Since games are surrounded by passionate people, the medium is full of an intense desire to create something that stands the test of time. Something they enjoy with friends and family, to forge memories – like a Halo 3 couch multiplayer session.

They want to create something that is more than just a game but is also considered a work of art.

You Can’t Rush Art

The visual language of video games must be first and foremost.

No one wants to play a game devoid of anything interesting to look at or interact with. A lackluster game design leads a video game to commit the highest sacrilege of all — to be boring. Discussing the four elements of game design is an excellent place to start the discussion about the process of producing video games. 

These four elements, as defined by Jesse Schell in the book The Art of Game Design, are mechanics, technology, story, and aesthetics. 

Video game developers create games at computer

How Developers Design

Mechanics are the predetermined rules of your virtual space. How the game plays, what strategies develop within it, and how the player acts are all defined by mechanical rulesets. The player then operates freely within the predefined rules and even discovers exploits if they’re creative enough. 

Technology is the engine of the game – both literally and metaphorically. The resources used that bring the rulesets to life — hardware and software in consoles, the game engine, and the controller — are the technology pieces that ensure game design walks the full path to realization.

The story is the occurrence of events through a game’s runtime, separated by emotional and detailed beats. A story’s plot, emotional resonance, and flow are imperative components of what the player is actively doing. If that's boring, the game overall likely is too.

These principles determine how effective game design techniques are. Every studio and developer in the world adheres to them. Whether done well or not is up to the audience. Capitalizing on design principles is what every dev’s endeavor ought to be. 

The Aesthetics

Aesthetics is such a dense category that it deserves its own subsection. Art direction and aesthetics are formidable in games and are governed by four principles. These principles are applied and accurate for all of your favorites.

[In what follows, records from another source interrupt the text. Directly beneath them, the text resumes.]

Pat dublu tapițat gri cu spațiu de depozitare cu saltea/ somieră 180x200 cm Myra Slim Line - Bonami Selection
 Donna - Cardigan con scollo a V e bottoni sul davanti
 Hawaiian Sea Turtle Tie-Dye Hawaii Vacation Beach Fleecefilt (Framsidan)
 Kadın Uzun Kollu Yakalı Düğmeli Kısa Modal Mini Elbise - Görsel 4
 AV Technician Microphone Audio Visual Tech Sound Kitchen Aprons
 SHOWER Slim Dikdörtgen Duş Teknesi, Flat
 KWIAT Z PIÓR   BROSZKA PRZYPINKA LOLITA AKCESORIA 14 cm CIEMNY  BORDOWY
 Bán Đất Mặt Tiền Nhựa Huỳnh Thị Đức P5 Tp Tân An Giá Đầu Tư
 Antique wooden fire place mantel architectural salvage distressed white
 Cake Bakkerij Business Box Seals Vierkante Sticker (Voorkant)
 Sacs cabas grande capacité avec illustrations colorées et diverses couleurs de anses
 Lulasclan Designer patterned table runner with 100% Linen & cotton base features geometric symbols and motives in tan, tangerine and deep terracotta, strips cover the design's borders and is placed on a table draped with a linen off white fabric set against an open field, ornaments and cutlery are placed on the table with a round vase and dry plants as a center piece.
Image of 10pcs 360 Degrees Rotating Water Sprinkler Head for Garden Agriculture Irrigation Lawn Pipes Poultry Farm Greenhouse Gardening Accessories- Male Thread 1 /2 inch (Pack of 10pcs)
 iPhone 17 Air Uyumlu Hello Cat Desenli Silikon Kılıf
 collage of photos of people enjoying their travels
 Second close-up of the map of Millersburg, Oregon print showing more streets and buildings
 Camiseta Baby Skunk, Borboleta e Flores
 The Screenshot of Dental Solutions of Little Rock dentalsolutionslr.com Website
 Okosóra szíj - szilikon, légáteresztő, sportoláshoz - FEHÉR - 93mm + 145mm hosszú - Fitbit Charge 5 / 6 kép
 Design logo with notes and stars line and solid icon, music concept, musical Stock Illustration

It does not matter whether that’s games, movies, or anything else you visually consume. Consciously or not, these are recognized immediately by the player. 

These four elements of art are line, shape, texture, and color. 

Lines

A metaphorical skeleton, lines create the boundaries wherein the other essential elements of game art visuals function. They are the basis of communication for ideas, feelings, and physical and emotional space within a video game. They communicate what a player should interact with and even surprise a developer by taking an unexpected detour. 

Video game 3D world laid out

Shapes

Shapes are composed of lines, the muscle of the proverbial art skeleton.

These include geometric environments, angular, soft, hard, round, and even transparent. Artists use shapes to create breathtaking and monumental game worlds. Developers take these shapes and form them in-game for players to look at and interact with them.

In some cases, if the object doesn’t have collision, the player phases through it. Speedrunners exploit these design oversights to finish a playthrough in nearly every game imaginable.

Texture

Imagine for a moment how a tennis ball feels. You feel the light fuzziness of the wool and nylon and the soft rubber core if you squeeze it.

Game worlds implement these kinds of texture detailing to enhance their immersion abilities. These include grass, metals, water, rock sediment, and whatever else players imagine. Texture helps convince them that what they’re interacting with is not just striking and desirable but believable.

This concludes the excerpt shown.